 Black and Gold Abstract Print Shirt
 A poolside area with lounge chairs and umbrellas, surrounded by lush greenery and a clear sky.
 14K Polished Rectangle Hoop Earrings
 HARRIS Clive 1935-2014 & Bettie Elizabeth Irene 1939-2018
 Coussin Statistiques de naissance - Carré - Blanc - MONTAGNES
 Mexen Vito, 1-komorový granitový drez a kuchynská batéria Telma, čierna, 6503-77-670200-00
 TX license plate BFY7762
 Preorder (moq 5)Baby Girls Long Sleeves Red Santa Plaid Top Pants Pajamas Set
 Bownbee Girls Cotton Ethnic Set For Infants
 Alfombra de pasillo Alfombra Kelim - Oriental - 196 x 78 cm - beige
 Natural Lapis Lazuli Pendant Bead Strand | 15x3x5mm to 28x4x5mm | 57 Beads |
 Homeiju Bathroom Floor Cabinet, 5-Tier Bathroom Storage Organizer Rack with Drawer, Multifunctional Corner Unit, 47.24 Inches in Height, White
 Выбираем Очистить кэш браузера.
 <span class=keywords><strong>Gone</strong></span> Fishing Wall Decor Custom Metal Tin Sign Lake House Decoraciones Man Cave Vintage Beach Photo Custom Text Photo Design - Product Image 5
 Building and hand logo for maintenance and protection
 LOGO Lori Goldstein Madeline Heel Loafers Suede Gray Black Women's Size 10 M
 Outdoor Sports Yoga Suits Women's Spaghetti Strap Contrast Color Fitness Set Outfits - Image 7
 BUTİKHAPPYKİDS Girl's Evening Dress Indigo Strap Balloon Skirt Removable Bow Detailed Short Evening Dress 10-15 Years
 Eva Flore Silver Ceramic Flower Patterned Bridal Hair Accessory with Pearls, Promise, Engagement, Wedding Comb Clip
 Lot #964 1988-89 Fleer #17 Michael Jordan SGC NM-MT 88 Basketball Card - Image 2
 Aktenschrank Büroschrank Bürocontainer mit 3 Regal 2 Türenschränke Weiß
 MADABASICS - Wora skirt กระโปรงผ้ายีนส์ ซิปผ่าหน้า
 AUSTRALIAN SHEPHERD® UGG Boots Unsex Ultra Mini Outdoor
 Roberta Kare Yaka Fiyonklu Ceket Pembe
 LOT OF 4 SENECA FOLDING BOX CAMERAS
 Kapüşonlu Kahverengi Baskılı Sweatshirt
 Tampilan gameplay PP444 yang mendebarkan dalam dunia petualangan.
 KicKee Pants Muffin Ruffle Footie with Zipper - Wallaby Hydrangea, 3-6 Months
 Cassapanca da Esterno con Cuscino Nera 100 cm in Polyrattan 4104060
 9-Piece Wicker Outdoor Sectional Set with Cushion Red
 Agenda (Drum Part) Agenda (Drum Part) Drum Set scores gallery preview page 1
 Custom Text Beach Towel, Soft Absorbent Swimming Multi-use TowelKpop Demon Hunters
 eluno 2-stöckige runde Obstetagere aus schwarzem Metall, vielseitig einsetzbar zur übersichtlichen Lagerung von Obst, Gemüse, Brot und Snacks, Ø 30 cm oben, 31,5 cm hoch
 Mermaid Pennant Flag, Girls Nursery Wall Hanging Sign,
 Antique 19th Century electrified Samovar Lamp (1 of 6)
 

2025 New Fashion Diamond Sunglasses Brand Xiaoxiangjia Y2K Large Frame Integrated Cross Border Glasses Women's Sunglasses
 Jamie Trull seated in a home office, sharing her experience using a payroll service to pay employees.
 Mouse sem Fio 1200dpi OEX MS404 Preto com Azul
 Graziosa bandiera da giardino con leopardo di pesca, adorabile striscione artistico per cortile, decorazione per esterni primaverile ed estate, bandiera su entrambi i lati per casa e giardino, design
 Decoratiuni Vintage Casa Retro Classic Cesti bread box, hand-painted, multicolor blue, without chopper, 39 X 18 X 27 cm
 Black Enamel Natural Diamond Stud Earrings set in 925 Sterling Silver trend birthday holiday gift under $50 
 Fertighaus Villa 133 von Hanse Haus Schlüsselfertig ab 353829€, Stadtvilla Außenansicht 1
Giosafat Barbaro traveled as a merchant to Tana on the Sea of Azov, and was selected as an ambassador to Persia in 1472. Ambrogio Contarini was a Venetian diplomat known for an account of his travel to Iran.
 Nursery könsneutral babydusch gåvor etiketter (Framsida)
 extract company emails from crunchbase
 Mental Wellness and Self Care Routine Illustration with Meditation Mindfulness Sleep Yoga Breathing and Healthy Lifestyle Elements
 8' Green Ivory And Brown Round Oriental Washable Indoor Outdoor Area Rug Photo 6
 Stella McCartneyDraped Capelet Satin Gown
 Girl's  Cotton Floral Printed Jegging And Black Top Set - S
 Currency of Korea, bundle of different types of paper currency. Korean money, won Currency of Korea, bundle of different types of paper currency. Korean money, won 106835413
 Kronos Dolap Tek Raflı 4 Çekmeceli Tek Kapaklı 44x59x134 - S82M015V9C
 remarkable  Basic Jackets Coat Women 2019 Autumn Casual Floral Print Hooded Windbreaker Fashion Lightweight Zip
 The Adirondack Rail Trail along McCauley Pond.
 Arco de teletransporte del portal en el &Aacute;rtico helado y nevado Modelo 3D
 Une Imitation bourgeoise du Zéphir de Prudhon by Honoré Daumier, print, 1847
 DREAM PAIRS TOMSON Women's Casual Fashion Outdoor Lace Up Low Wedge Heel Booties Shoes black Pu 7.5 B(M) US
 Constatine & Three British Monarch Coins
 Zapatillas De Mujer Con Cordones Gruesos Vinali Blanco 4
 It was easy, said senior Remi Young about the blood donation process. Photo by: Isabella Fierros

**What you need to do**
A single figure is required: the number of lines in the data above in which the word "Vintage" appears.

**Task result**
2